Your copy of the lines below must match them exactly and contain no images.

═══ Supplied data ═══

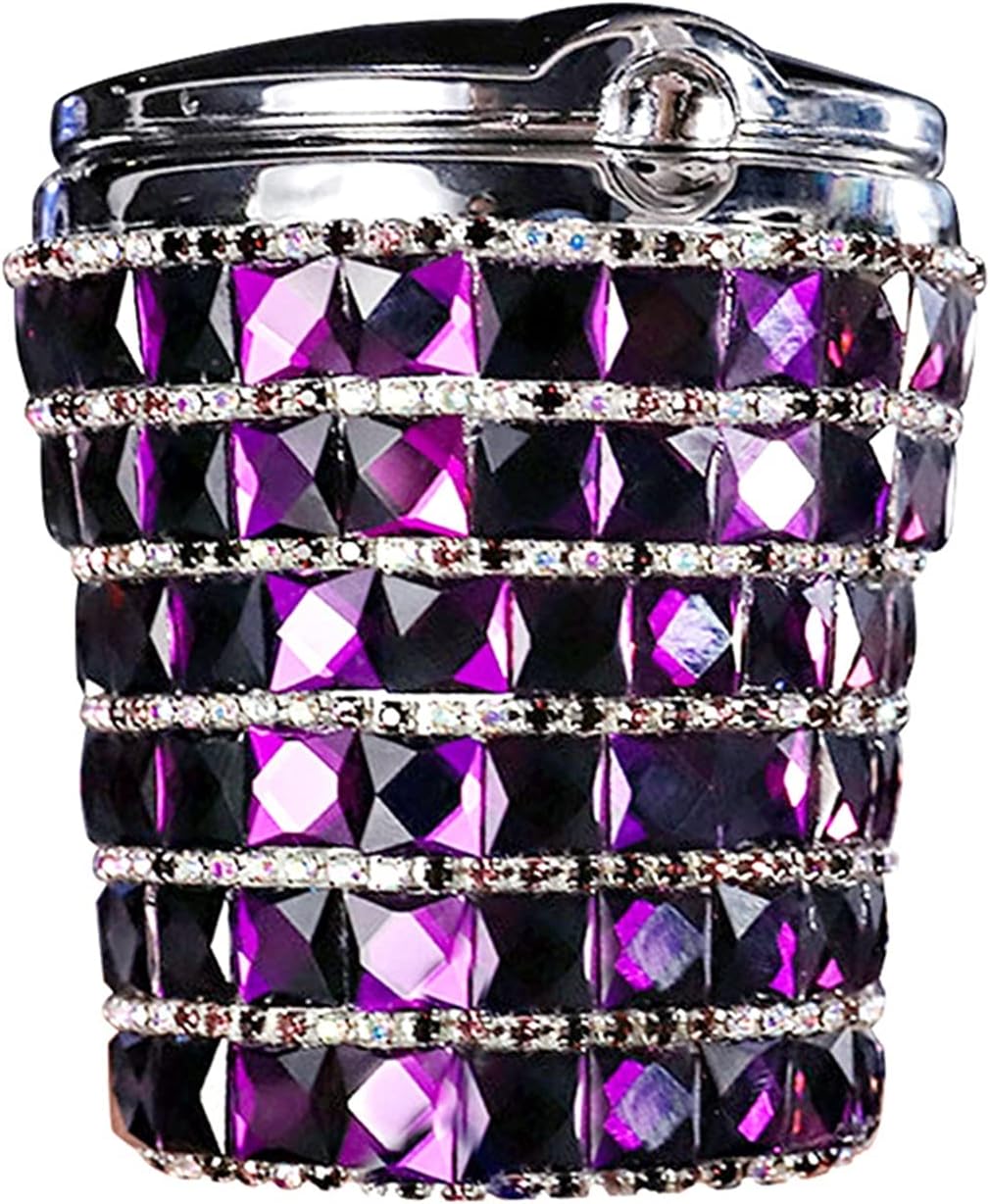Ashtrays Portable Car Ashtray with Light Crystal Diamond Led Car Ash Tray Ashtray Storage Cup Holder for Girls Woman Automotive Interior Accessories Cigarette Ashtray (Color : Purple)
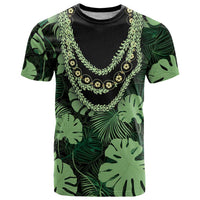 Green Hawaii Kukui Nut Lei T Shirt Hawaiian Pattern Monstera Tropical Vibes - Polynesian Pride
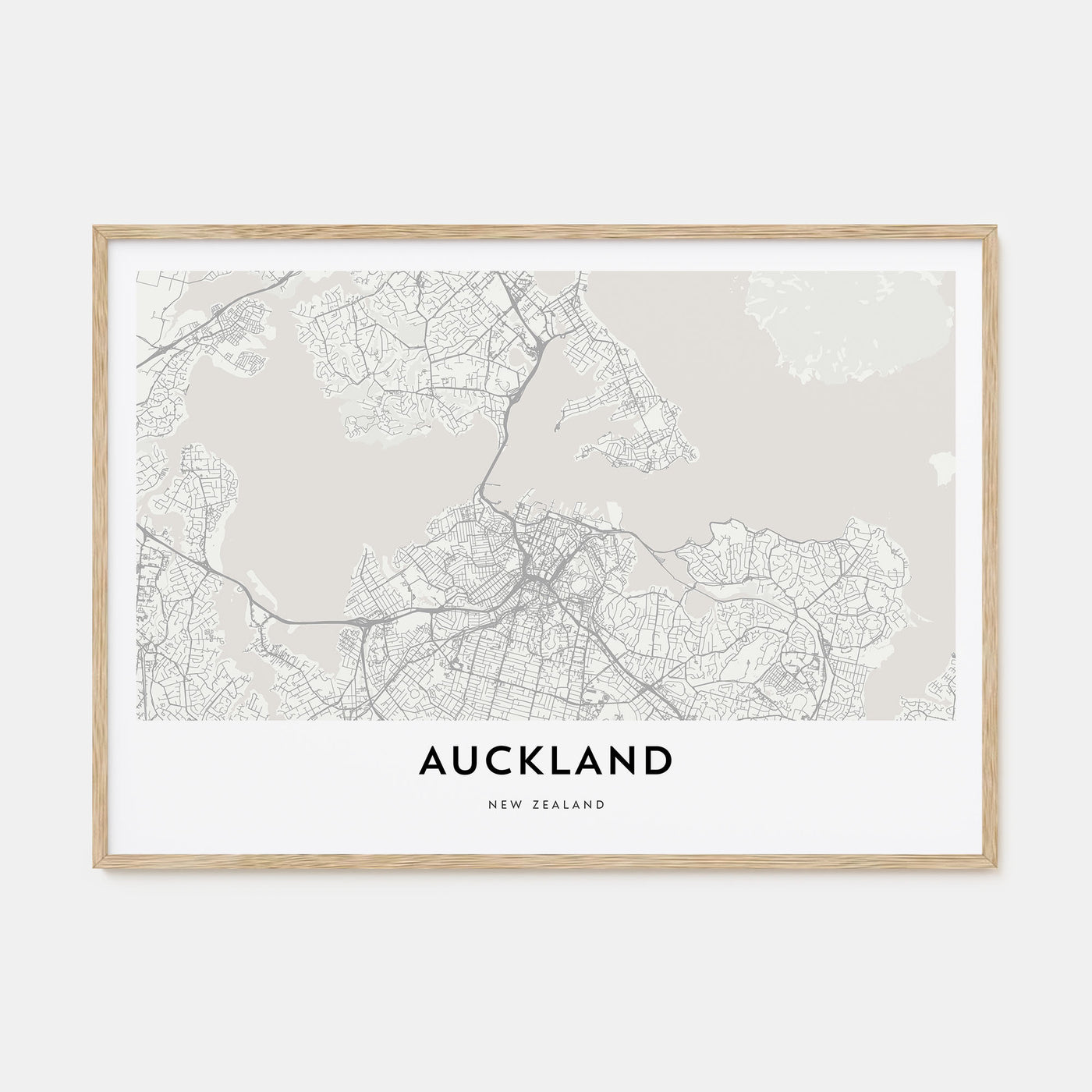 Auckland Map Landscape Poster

═══

Answer section =>
Ashtrays Portable Car Ashtray with Light Crystal Diamond Led Car Ash Tray Ashtray Storage Cup Holder for Girls Woman Automotive Interior Accessories Cigarette Ashtray (Color : Purple)
 Green Hawaii Kukui Nut Lei T Shirt Hawaiian Pattern Monstera Tropical Vibes - Polynesian Pride
 Auckland Map Landscape Poster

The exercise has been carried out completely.